# Data for this exercise
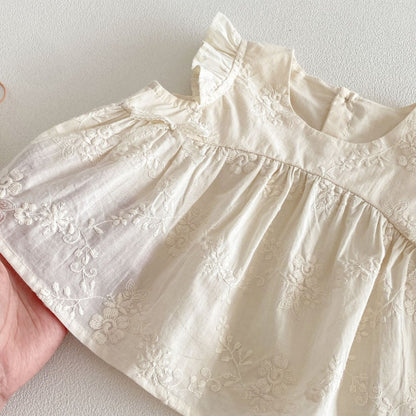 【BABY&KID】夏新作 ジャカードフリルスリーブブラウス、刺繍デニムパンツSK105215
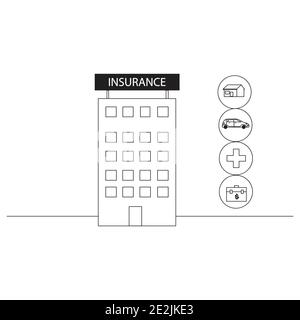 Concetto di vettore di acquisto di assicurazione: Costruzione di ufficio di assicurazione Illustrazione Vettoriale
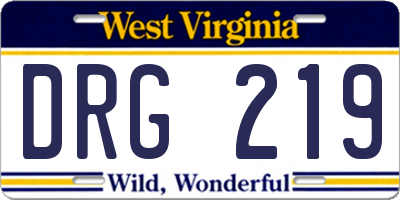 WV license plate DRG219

==

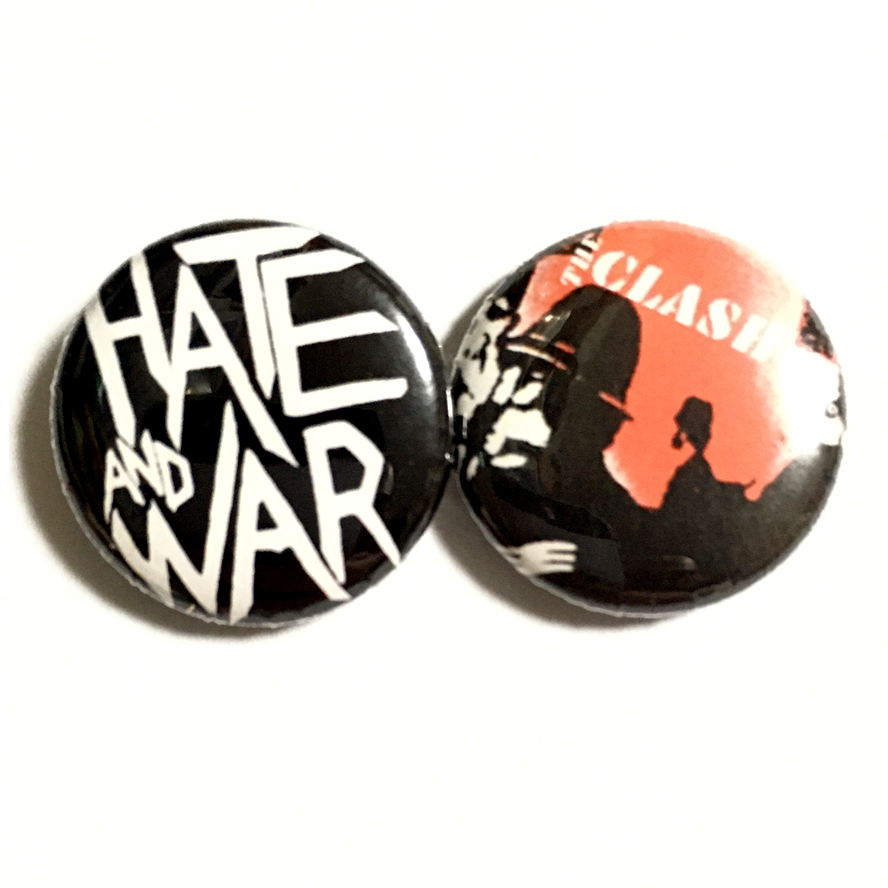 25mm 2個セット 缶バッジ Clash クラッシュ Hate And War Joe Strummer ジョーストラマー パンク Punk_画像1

...

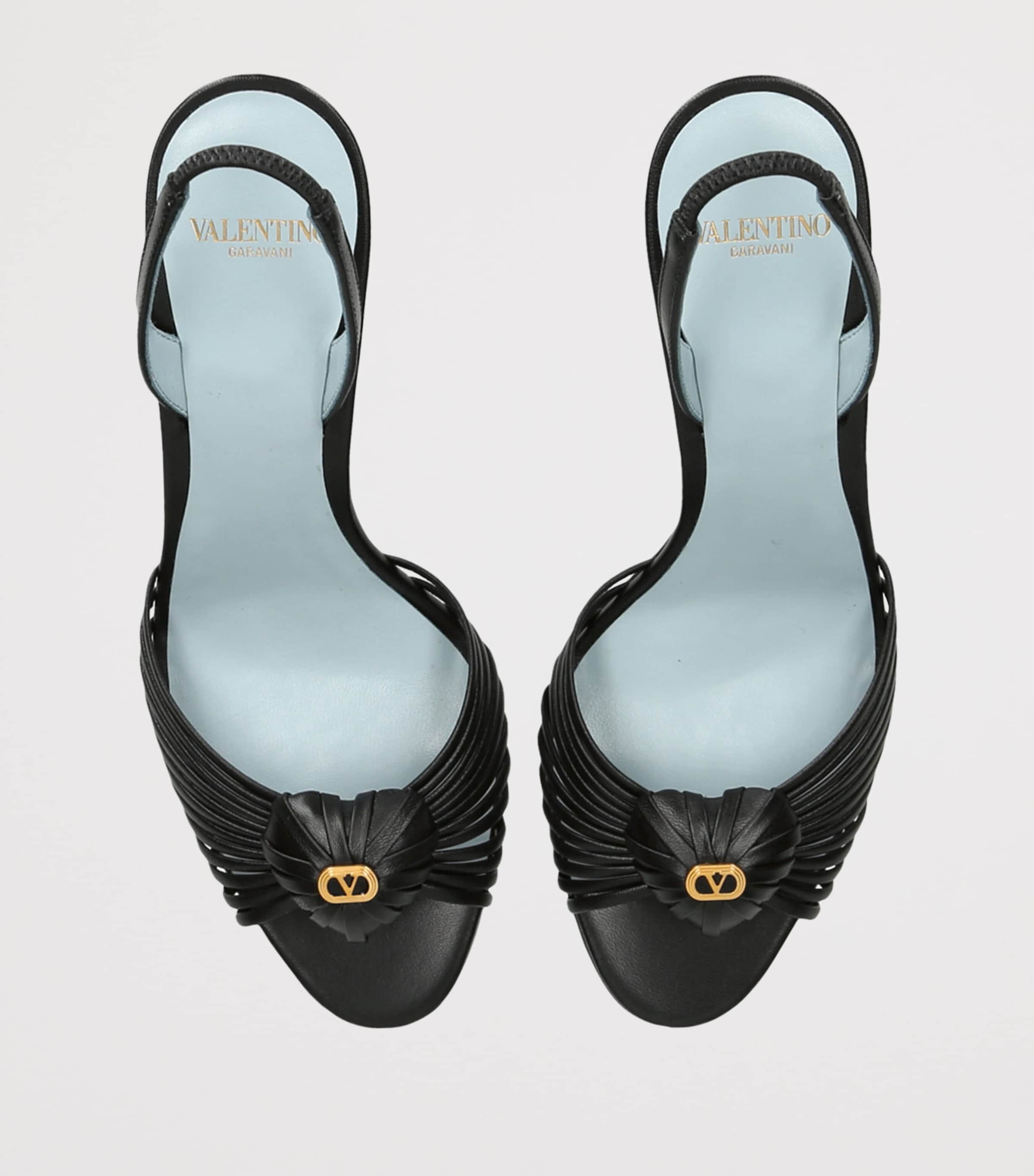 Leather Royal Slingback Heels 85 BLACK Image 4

# Problem statement
Reproduce the listing above only between the lines holding "Concetto di vettore" and "WV license plate DRG219", inclusive. Every line must match exactly, and pictures are dropped.

# Response box
 Concetto di vettore di acquisto di assicurazione: Costruzione di ufficio di assicurazione Illustrazione Vettoriale
 WV license plate DRG219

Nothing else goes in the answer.